The paper[1] introducing the Transformer architecture has been cited almost 150k times. By now, this deep learning architecture has been used for a large number of use cases. Obviously, language generation and large language models are among the most prominent use cases. However, the architecture has also been successfully employed to solve problems in computer vision and to forecast time series data to name only a few other examples.
At its core, the Transformer architecture is a deep neural network designed for sequence-to-sequence prediction tasks. E.g., mapping a sequence of words in one language to a sequence of words in another language as it is done in machine translation tasks. This architecture has recently gained attention for another application well-suited to sequence-to-sequence mapping: the analysis of telemetric log data from games[2]. While log data from games is one specific area that has been explored lately, this approach generally works for log data in other domains arising from websites or mobile apps.
In this talk, I will walk the audience through a simple Transformer architecture in Python that can be used to train a model on game log data. I will discuss the challenges of constructing a vocabulary and tokenizer based on log data. Unlike language data, game logs often contain structured events with properties, making vocabulary design non-trivial. I will highlight design choices in the model construction to balance the predictive power of the model and computational efficiency.

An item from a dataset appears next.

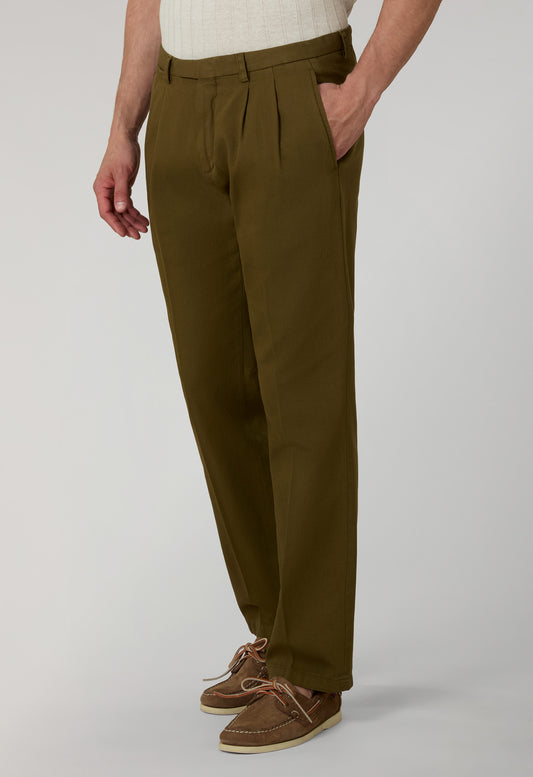 Light Brown Garment Dyed Stretch Cotton Napoli Trousers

This includes hyper-parameter selection for the model (e.g., embedding size, number of layers, etc.) and the training procedure (e.g., batch size, learning rate, etc.). I will also explain how to adapt the Transformer architecture to handle long sequences of log data efficiently, including architectural changes to the basic network.
I will demonstrate how representations derived from the model can be applied to various use cases, such as clustering and prediction tasks arising in game data science. Typical prediction tasks in game data science are survival time prediction for regression or purchase prediction for classification. Insights from clustering or player level predictions can help to improve retention or optimize monetization models. To evaluate the effectiveness of this approach, I trained multiple models on a publicly available 100GB game log dataset containing over 175 million events from NCSOFT’s MMORPG Blade and Soul. In addition to presenting qualitative results, I will compare the computational resources and hardware requirements of this method to those of a simple baseline algorithm.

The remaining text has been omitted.